Western’s Wilder Professorship of Business and the Environment, the College of Business and Economics and Huxley College of the Environment sponsored Winston’s presentation, which was held in Fraser Hall on Friday, Jan 29.
Winston authored the book, “Green to Gold.” It was the top-selling environmental business title of the past decade, according to his website. It has sold over 100,000 copies, and was labeled by “Inc. Magazine” as one of the top 30 books every manager should own, according to his website.
Winston’s lecture outlined shifts in business on a large scale, and talked about the impact big businesses can have on the environment and the world.

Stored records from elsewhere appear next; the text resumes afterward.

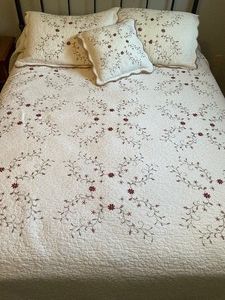 Queen ComforterPillow Cover Set
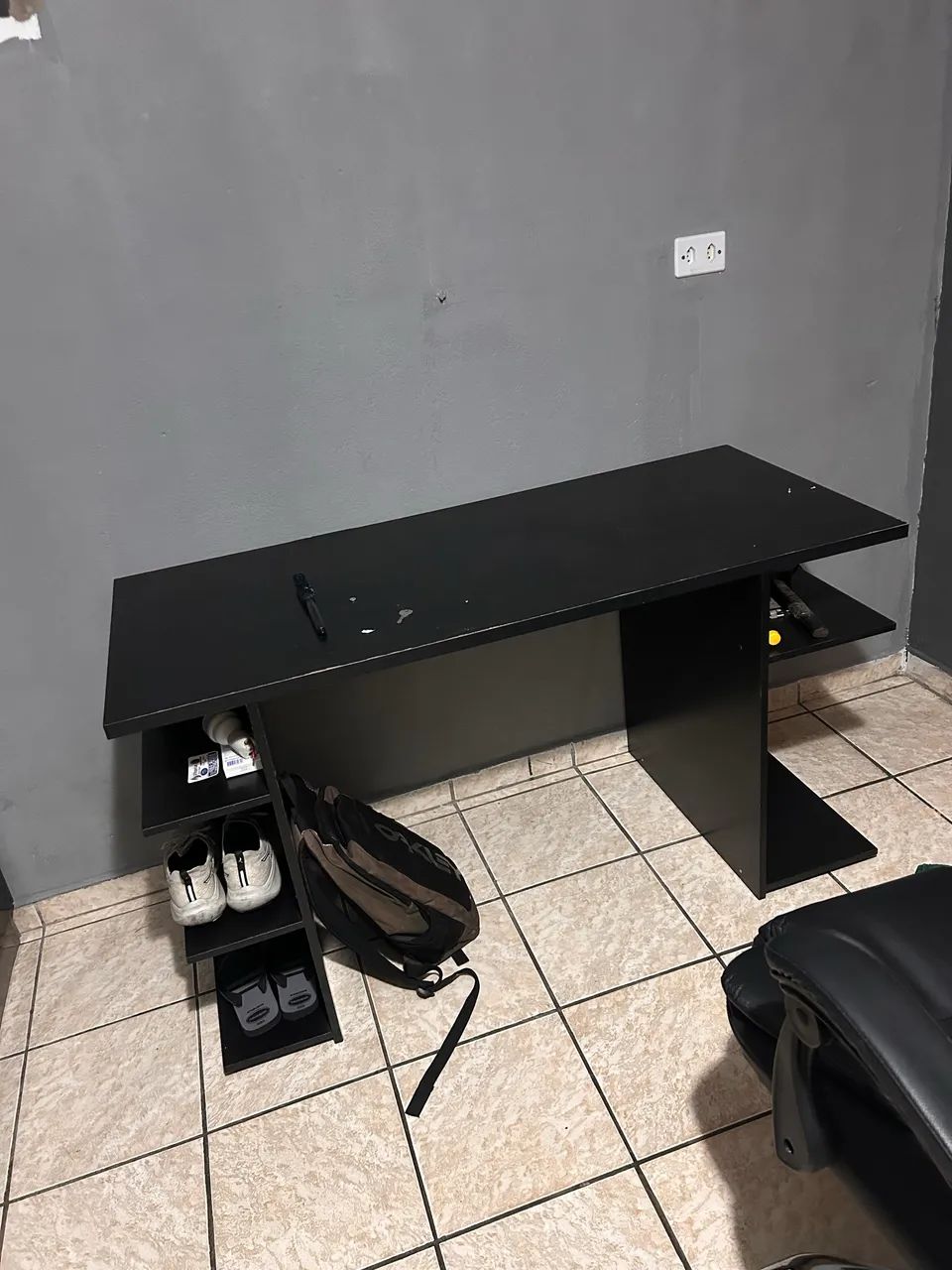 Mesa gamer usada 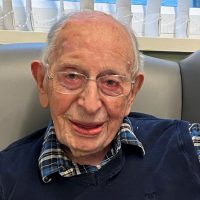 El hombre más longevo del mundo: John Alfred Tinniswood Celebra 112 Años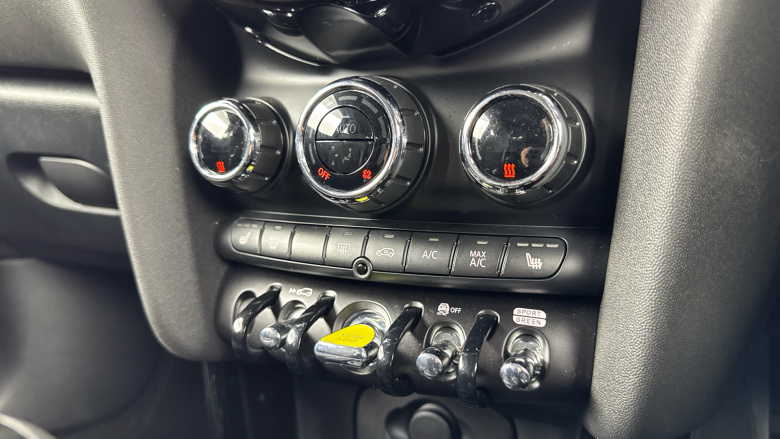 MINI Hatchback 135kW Cooper S Level 2 33kWh 3dr Auto Electric Hatchback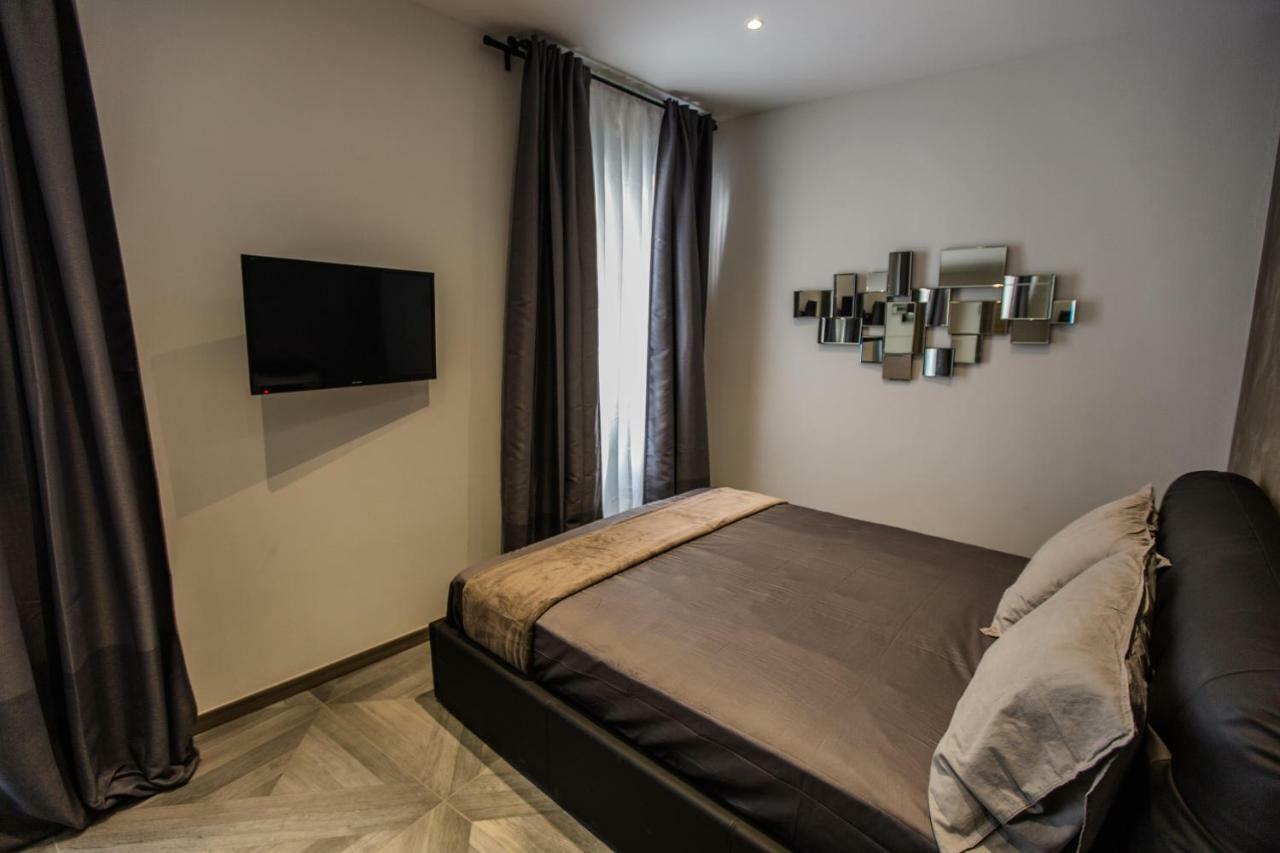 מילאנו Castle Apartment Near Duomo מראה חיצוני תמונה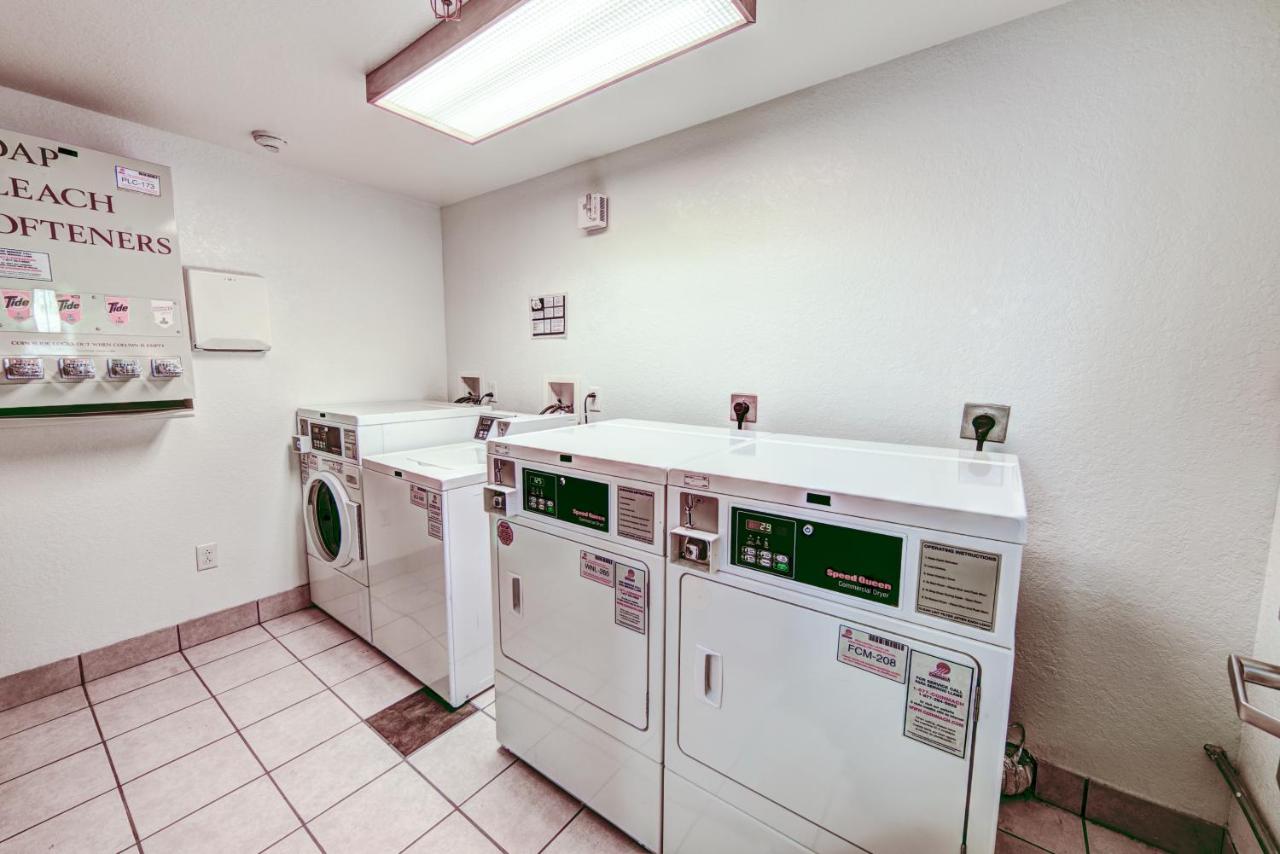 | Motel 6-Niantic, CT - New London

Ryan Gluckman said he found out about the event through an email sent about a speaker series.
“Business is playing a really important role in taking on some of the major issues of our time, like resource scarcity, pollution and global wealth and equality,” Gluckman said. “Where governments are failing to intervene and step in, businesses are really paving the way for creating some major change.”
Sandra Mottner, Associate Dean of the College of Business and Economics, played a role in bringing Winston to campus, but said Howard Sharfstein was instrumental because of his connections with Winston through Kimberly-Clark.
Mottner said students should speak up and support companies which mirror their values.
“We really believe that sustainability and business work together,” Mottner said. “We want students to think about this.”
There is a need for for businesses to think about the future of the children, but they also should be thinking about the best interest of the world, junior Mikhail Jackson said.
“[Children] are our future,” Jackson said. “They are consumers for the future.”
Gluckman said there are a few things not only students, but anyone can do to help. Learning more is key.
“Keep a mindful awareness of your impact day to day, your choices you make and what you consume,” Gluckman said. “Even larger than that, just choosing what companies you want to be loyal to and support, and being involved in the political process is important.”